Co-Authored-By: Claude Opus 4.8 <noreply@anthropic.com>
Co-authored-by: copilot-swe-agent[bot] <198982749+Copilot@users.noreply.github.com>
@ms609 ms609 merged commit 47c0494 into cpp-search Jun 23, 2026
2 of 7 checks passed
@ms609 ms609 deleted the claude/na-incremental-rescore branch June 23, 2026 09:27
ms609 added a commit that referenced this pull request Jun 23, 2026
…pt-in) (#256)

* perf(iw): x4 reroot batch + extract_char_steps dirty-region for IW TBR

Cherry-pick of 69febb4 onto cpp-search (post-#254). Resolved the
exact_verify candidate-scoring conflict by keeping #254's incremental
rescore path and dropping the directional-audit (na_dir_audit) block
that #254 deliberately removed. Stripped the settled-dead
ts_iw_gather_bench microbench (gather micro-opt proven a dead heat) and
trimmed superseded dev A/B harnesses, keeping only bench_iw_realized.R.

Opts remain kill-switched (TS_IW_NOX4 / TS_IW_NODIRTY); a follow-up
commit flips them default-off for the shared branch. Mission-null at
morphology scale; kept for the large-N / recipe-retune reopen.

Co-Authored-By: Claude Opus 4.8 <noreply@anthropic.com>

* perf(tbr): fire IW dirty/x4 opts on XPIWE; fix nx_cs active_mask underflow

The extract_char_steps dirty-region + x4 reroot-batch opts were gated to
ScoringMode::IW, but production MaximizeParsimony defaults to extended IW
(ScoringMode::XPIWE, ts_data.cpp:297).

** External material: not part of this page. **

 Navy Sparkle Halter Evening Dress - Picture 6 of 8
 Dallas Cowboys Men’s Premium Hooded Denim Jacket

So the opts were dead on the production
path for every dataset, and the mission-wall A/B (which toggles TS_IW_NOX4/
NODIRTY through MaximizeParsimony) was toggling code that never executed -> the
1.005x "null result". Widen the gate to iw_family = (IW || XPIWE): both modes
score via compute_iw/precompute_iw_delta from the same weighting-agnostic
char_steps, differing only in per-pattern eff_k/phi (which those functions
already consume). PROFILE stays excluded (compute_profile + info_amounts +
precomputed_steps is a genuinely different char_steps convention).

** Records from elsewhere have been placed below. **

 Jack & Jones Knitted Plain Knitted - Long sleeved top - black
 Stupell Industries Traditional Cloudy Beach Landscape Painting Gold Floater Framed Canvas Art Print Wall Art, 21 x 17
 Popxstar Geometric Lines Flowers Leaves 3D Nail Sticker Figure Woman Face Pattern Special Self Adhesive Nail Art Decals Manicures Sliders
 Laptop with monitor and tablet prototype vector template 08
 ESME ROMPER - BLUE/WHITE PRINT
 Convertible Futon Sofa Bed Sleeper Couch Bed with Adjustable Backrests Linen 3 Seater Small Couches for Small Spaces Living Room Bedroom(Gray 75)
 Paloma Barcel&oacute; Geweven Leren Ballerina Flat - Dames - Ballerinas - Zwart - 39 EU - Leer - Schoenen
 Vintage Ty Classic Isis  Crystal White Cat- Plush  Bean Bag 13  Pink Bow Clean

Perf-only / byte-identical: opts-on vs opts-off scores identical across
Dikow/Vinther/Zanol/Giles/Wortley x 3 seeds; SCANCHK clean on XPIWE.

Firing the opts on the production path exposed a pre-existing dirty-region bug:
the nx_cs accumulation did not skip active_mask==0 blocks, but extract_char_steps
(which builds the F cache) does. Under a ratchet ZERO_ONLY perturbation (the
default, ratchetCycles>=3) that fully deactivates a block, divided_steps =
F + cs_delta - nx_cs went negative (TS_IW_DIRTYCHK: dirty=-1 ref=0 on
Dikow2009/Vinther2008). Weighting-independent (plain IW mismatches identically;
reachable today via MaximizeParsimony(extended_iw=FALSE)). The candidate scan
masks needs_step by active_mask so scores were unaffected, but the invariant was
broken. Fix: skip active_mask==0 in the nx_cs loop only; EW nx_cost is left
counting all blocks (its best_score/delta length convention is self-consistent).
DIRTYCHK now clean across 5 datasets x ratchetCycles {0,3,6}.

Add a testthat guard pinning XPIWE opts-on == opts-off (tolerance=0) under
ratchet (the discriminating config; prior tests ran plain-IW or ratchetCycles=0
and were tautological for this path). 398 existing tests still pass.

Co-Authored-By: Claude Opus 4.8 <noreply@anthropic.com>

* perf(tbr): NA-IW 4-wide reroot batch (indirect_na_iw_cached_flat_x4) [perf TBD]

Port the T-245 4-wide reroot ILP batch to the implied-weights + inapplicable
(IW/XPIWE + NA) TBR scan -- the one scoring path that never received it. The NA
reroot scan already had an EW-NA x4 (fitch_na_indirect_cached_flat_x4) but
IW-NA/XPIWE-NA fell to the one-at-a-time scalar indirect_na_iw_length_cached;
the IW x4 branch was !has_na-gated.

New kernel indirect_na_iw_cached_flat_x4 (src/ts_fitch.cpp) fuses the NA
active-mask candidate logic of the EW-NA x4 (from1 reduce, shared
clip_has_active, per-candidate below_actives AND) with the per-candidate
iw_delta ctz-gather of indirect_iw_cached_flat_x4. Each accumulator keeps the
scalar add order of indirect_na_iw_length_cached, so per-candidate results are
bit-identical; the shared all-4-exceed-cutoff bail only changes early-exit on
cutoff-losing candidates. Wired by widening the IW x4 branch gate
(ts_tbr.cpp:1985) to dispatch on has_na, mirroring its own per-candidate skip
re-check and main_edges[ei] indexing; the no-NA path stays byte-identical.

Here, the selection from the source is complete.